CEOs' political ideologies are evident manifestations of their different personal views. Each CEO may exercise different powers according to their organizational outcomes. In fact, their political ideologies are expected to influence their preferences for the CSR outcomes. Proponents argue that politically liberal CEOs will envision the practice of CSR as beneficial and desirable to increase a firm's reputation. They tend to focus more on how the firm can meet the needs of the society. As a consequence, they will advance with the practice of CSR while adding value to the firm. On the other hand, property rights may be more relevant to conservative CEOs. Since conservatives tend to value free markets, individualism and call for a respect of authority, they will not likely envision this practice as often as those identifying as liberals might.

The financials of the company and the practice of CSR also have a positive relationship. Moreover, the performance of a company tends to influence conservatives more likely than liberals. While not seeing it from the financial performance point of view, liberals tend to hold a view that CSR adds to the business triple bottom line. For instance, when the company is performing well, they will most likely promote CSR. If the company is not performing as expected, they will rather tend to emphasize this practice because they will potentially envision it as a way to add value to the business.
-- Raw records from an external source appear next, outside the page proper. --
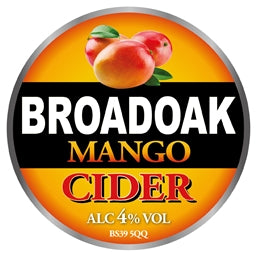 Broadoak Mango Cider label with peaches on an orange background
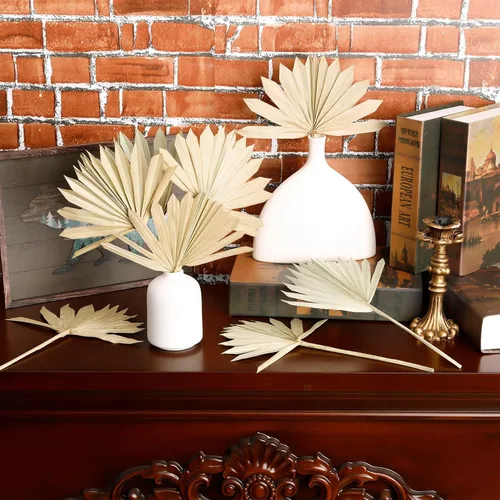 10 piezas de hojas de palma secas, pequeñas hojas de palma, decoración de hojas de palmera secas naturales, arreglos florales bohemios para mesa de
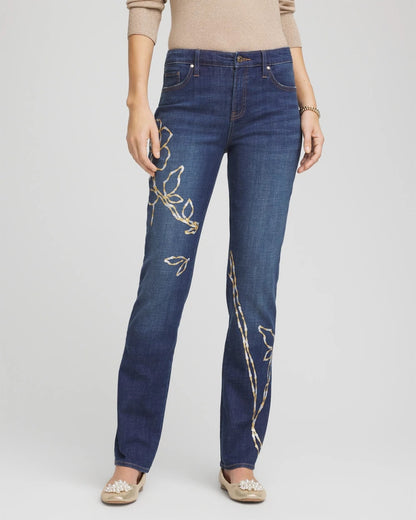 Sequins Rose Girlfriend Slim-Leg Jeans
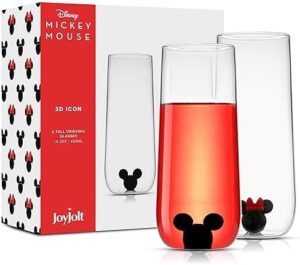 JoyJolt Disney Mickey Mouse, Icon Highball Glass 2pc Glass Drinking Glasses. 14oz Tall Glasses for Drinks. Cocktail Glasses, Disney Glassware, Disney Gifts, Disney Collectibles for Adults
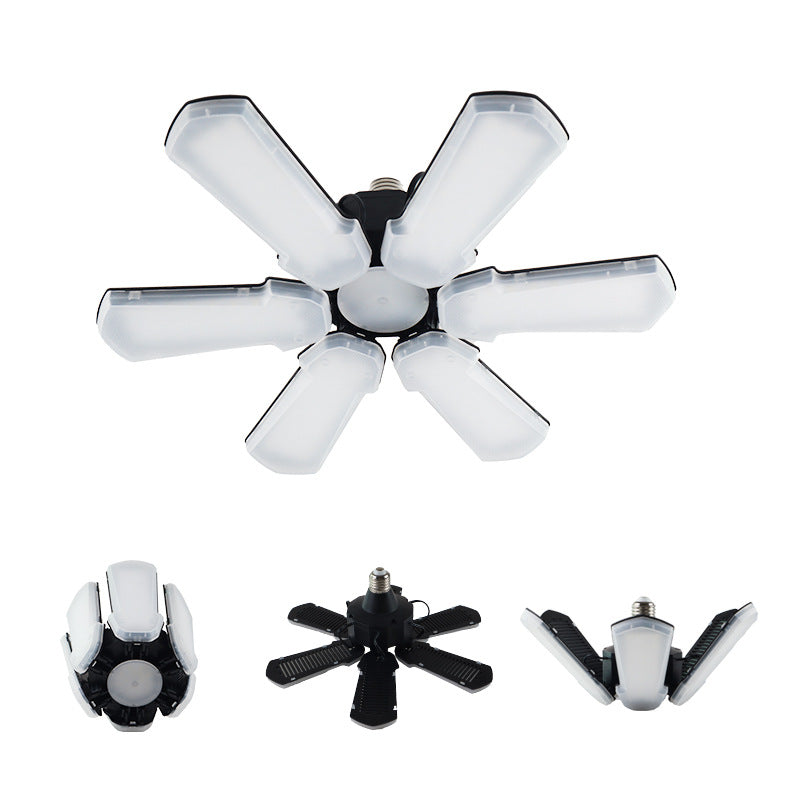 LED Garage Deformable 6-Leaf Light – Foldable Industrial Ceiling Lamp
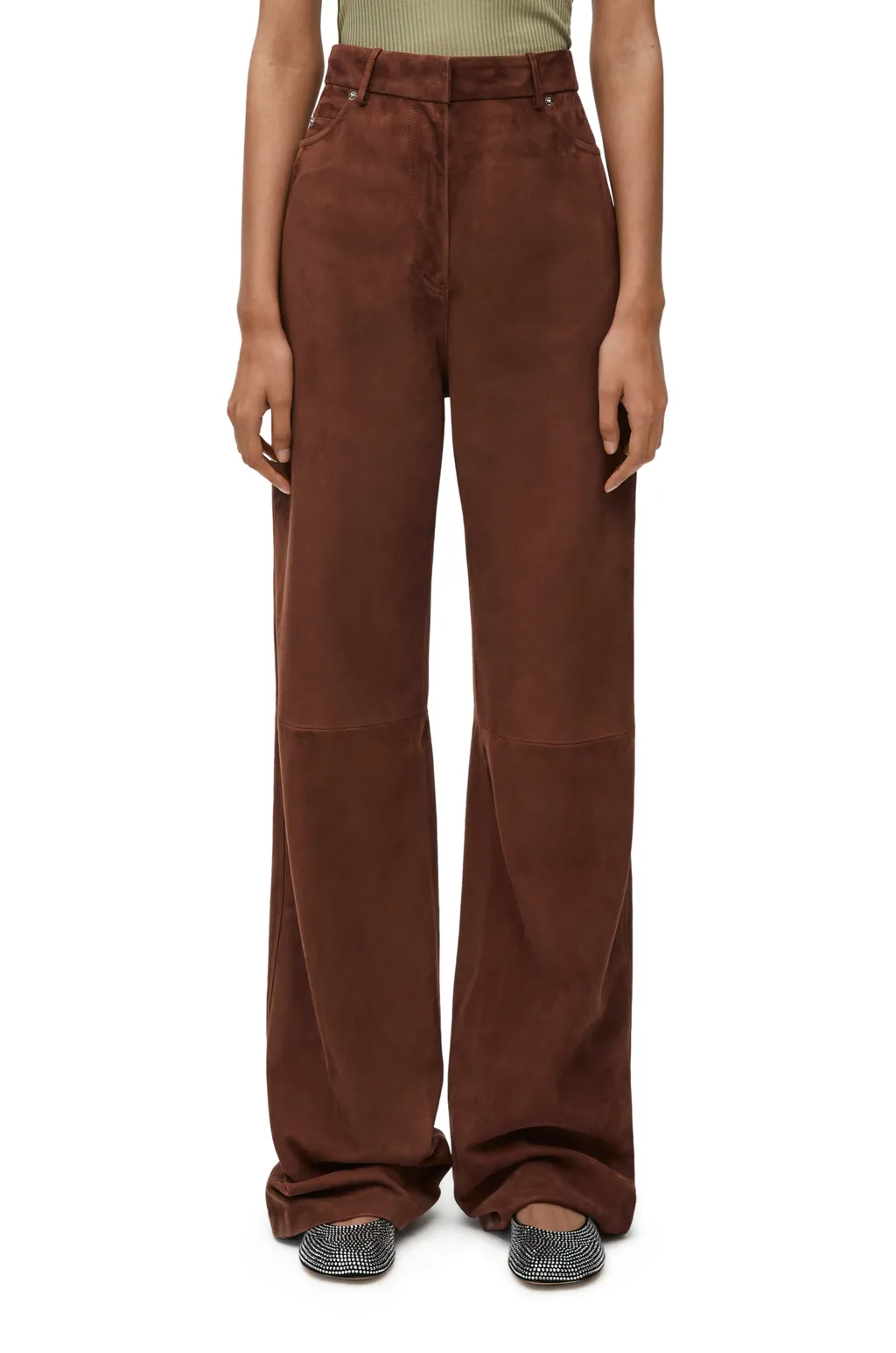 High Waisted Trousers In Suede
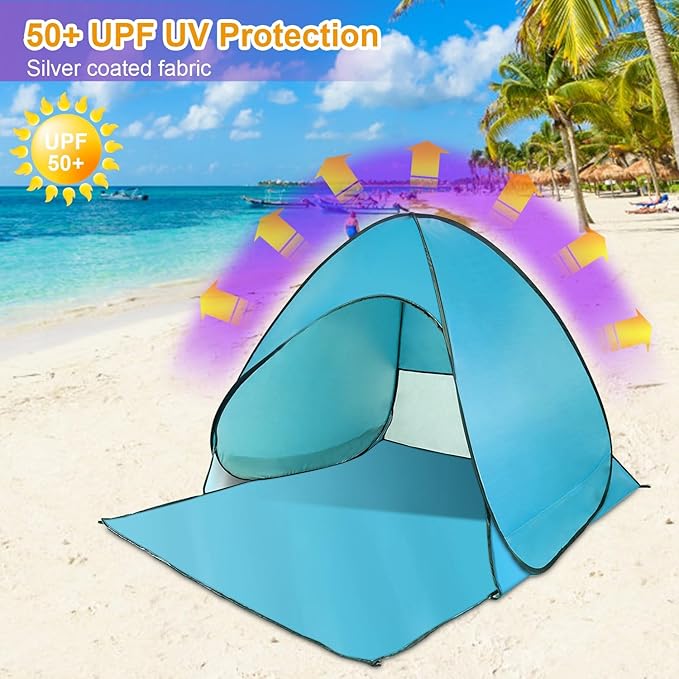 KOCASO Pop Up Beach Tent Sun Shade Shelter - UV Protection &amp Waterproof Sun Shade Shelter with Net Window and Storage Bag - Ideal for Beach Camping Fishing and Outdoor Activities Green
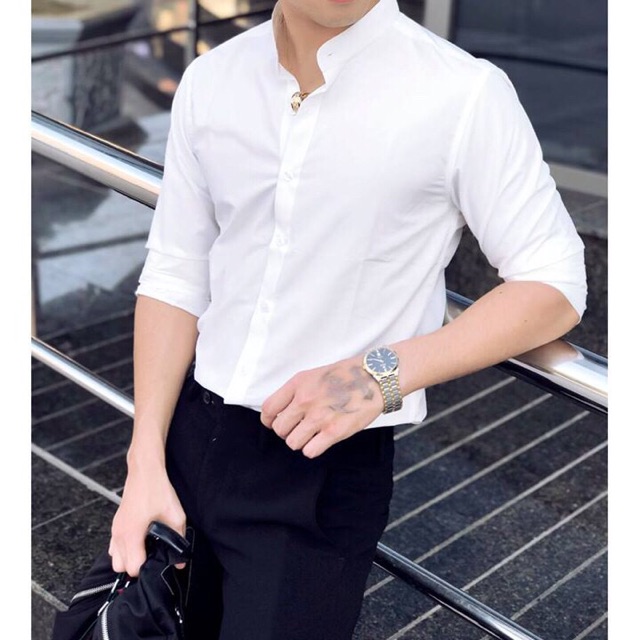 Sơ mi Nam Hàn cổ bẻ trắng ,đen - cổ tàu trắng ,đen hàng vải lụa cao cấp ôm dáng thời trang trẻ | BigBuy360 - bigbuy360.vn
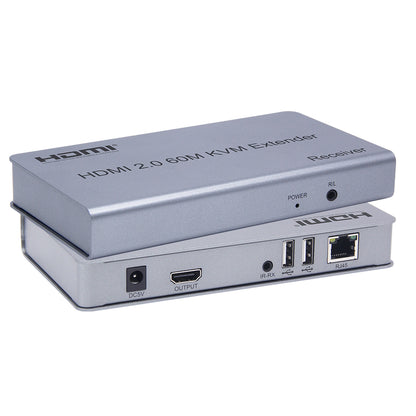 ArgoX HDMI 2.0 KVM Extender Transmitter Receiver with 60m Range, IR Control, Supports USB Mouse/Keyboard, Touch Screen Function, RJ45 Ethernet, CAT5e/6 Cable, HDMI2.0/HDCP2.2, 3.5mm Audio Output | HDES60-KVM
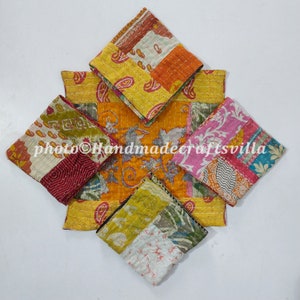 Handmade Kantha Cotton Napkins: Reversible Indian Dinner Napkins, Set of 5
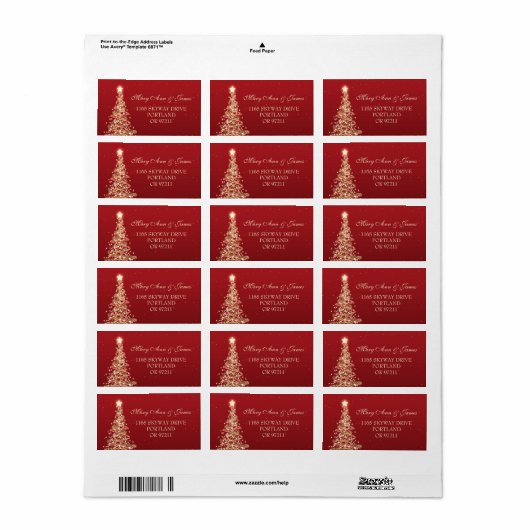 Kerst bruiloft adres rood goud etiket (Full Sheet)
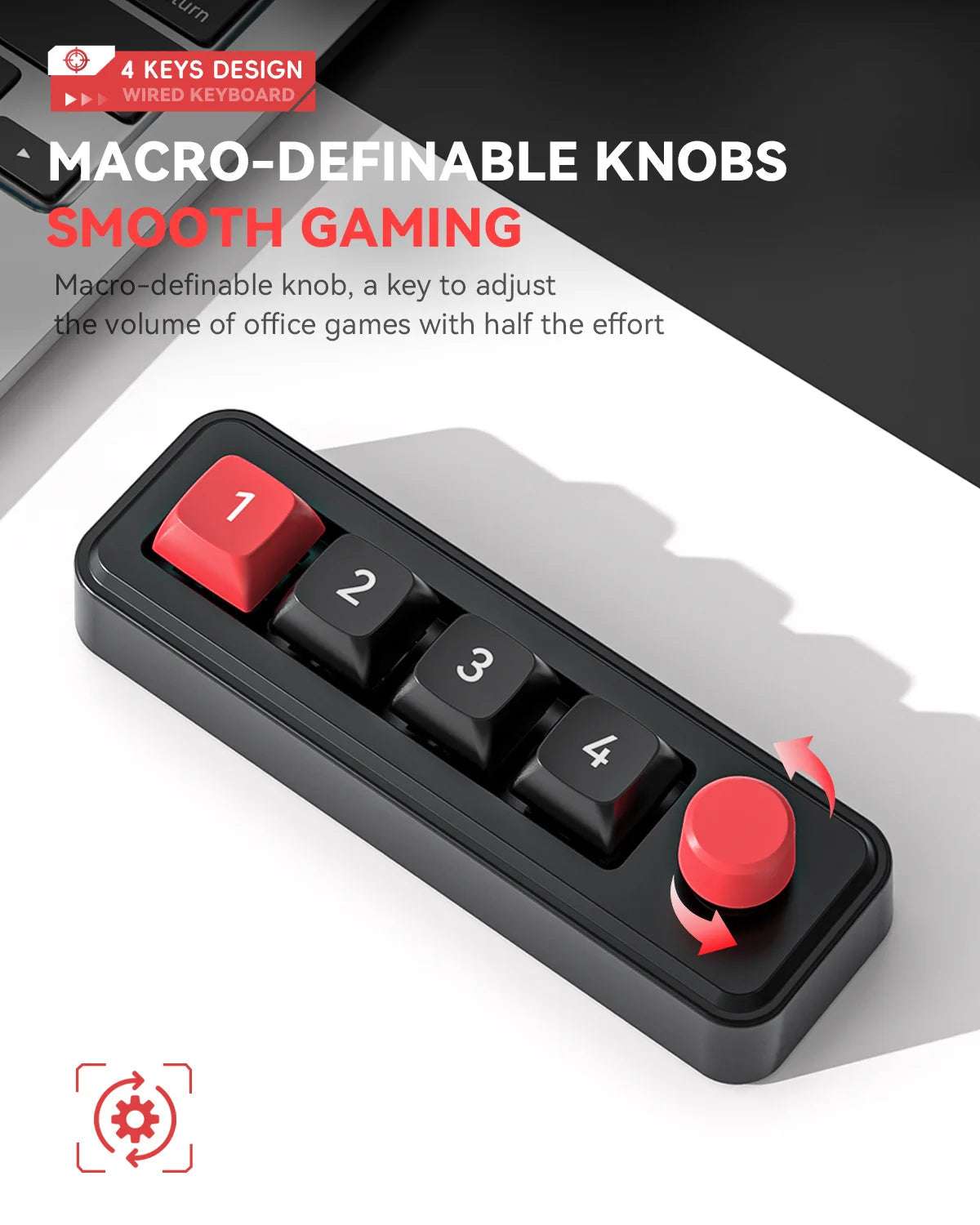 Mechanical Keyboard Macro Programming Keyboard RGB Mini Hot Swap 4 Keys 1 Knob Wired Hot Swap Macro Gaming Mechanical Keyboard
In contrast, politically conservative CEOs will tend to support the practice of CSR if they hold a view that it will provide a good return to the financials of the company. In other words, this type of executives tend to not see the outcome of CSR as a value to the company if it does not provide anything in exchange.

Misdirection

There have been unsubstantiated social efforts, ethical claims, and outright greenwashing by some companies that has resulted in increasing consumer cynicism and mistrust. Sometimes companies use CSR to direct public attention away from other, harmful business practices. For example, McDonald's Corporation positioned its association with Ronald McDonald House and other children's charities as CSR while its meals have been accused of promoting poor eating habits.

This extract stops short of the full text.